For Palestinians, however, the occasion was a bitter reminder of their own lack of an independent state. And Israel's internal splits could be plainly seen even as the country celebrated: last-minute arguments among religious and secular Jews threatened to derail the main gala performance.The perilous birth of the Jewish state a half-century ago - the anniversary of the declaration of the nation of Israel began Wednesday night by the Jewish calendar, and falls on May 14 by the Western one - was hailed as miraculous despite pressing present-day problems, including the breakdown of the Mideast peace process.

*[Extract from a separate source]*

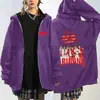 Suéter tipo cárdigan estilo Bts Sudadera con capucha con cremallera Moda urbana con estampado gráfico Mismo estilo Otoño e Invierno Corte holgado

"We forget that in 50 years, the people here made a successful country, even with all our wars," said David Ben-Yakov, 41, feeding his little girl a hot dog as she sat in her stroller in a Jerusalem pedestrian mall.

A carnival atmosphere at the opening of festivities Wednesday prevailed into the early morning in city streets, packed with thousands of revelers.

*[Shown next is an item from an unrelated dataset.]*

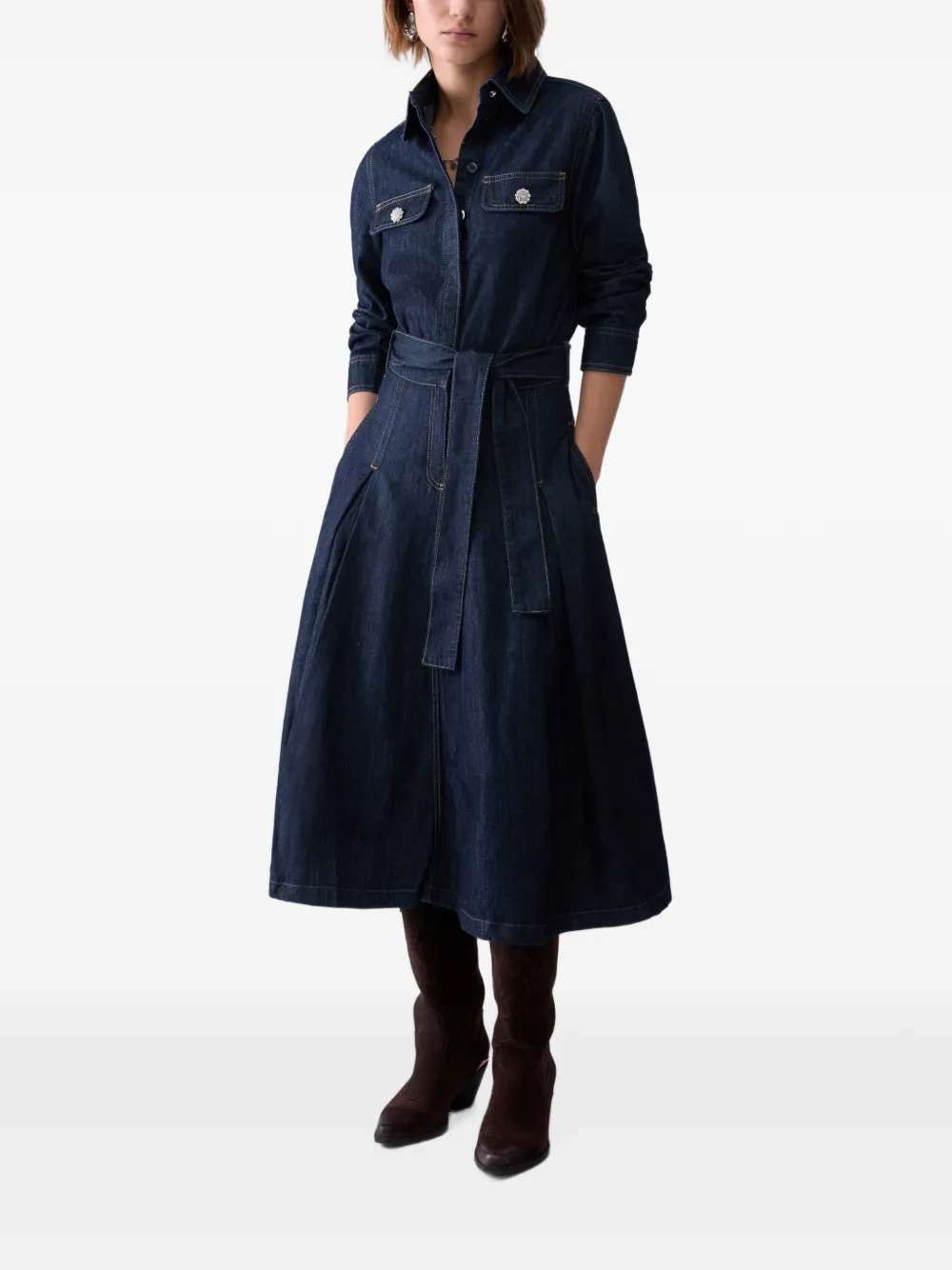 LIU JO Denim blousejurk Blauw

Thursday, families carrying barbecue grills, tents and bags of food made their way to parks for a day of togetherness. Celebrations were to be capped with a glitzy song-and-dance extravaganza tonight at a Jerusalem stadium.

Vice President Al Gore, the guest of honor, arrived Thursday, the highest-ranking foreign dignitary in attendance. He pledged unwavering U.S. friendship.

"We support your dream," he told Israeli religious and political leaders.

Israel, which has fought a war every decade of its existence, used the occasion to show off its military muscle. Fighter jets thundered overhead in formation, and the navy staged an offshore review. Gunboats cut through the blue water while thousands watched from the beaches.

Security was tight for the celebrations. Thousands of troops were deployed at sensitive sites, and snipers and bomb squads stood ready. As a precaution, Israel sealed off the West Bank and Gaza Strip, barring most Palestinians from entering Israel.

For the Palestinians, the anniversary was no celebration. It was a day of mourning. They call Israel's creation "al naqba" - the catastrophe - and blame the Jewish state for usurping their land.

In the West Bank refugee camp where he was born, Sami Rafai, 29, couldn't bring himself to watch the Israeli fireworks off on the horizon.

"The celebrations are like knives in the heart," he said.

Amid the festivities, the fault lines in Israeli society were on clear display, particularly the rifts between religious and secular Jews and the political left and right.

In the religious Jerusalem neighborhood of Mea Shearim, dozens of ultra-Orthodox Jews tore Israeli flags from cars driving through the area. Many ultra-Orthodox Jews in Israel do not recognize the 50th anniversary because they believe the creation of a Jewish state is a blasphemy before the coming of the Messiah.

Hard-line Jewish settlers and Israeli peace activists also appeared headed toward an Independence Day confrontation.

About 2,000 right-wing activists gathered to lay a cornerstone at the site of a controversial planned Jewish neighborhood in disputed east Jerusalem.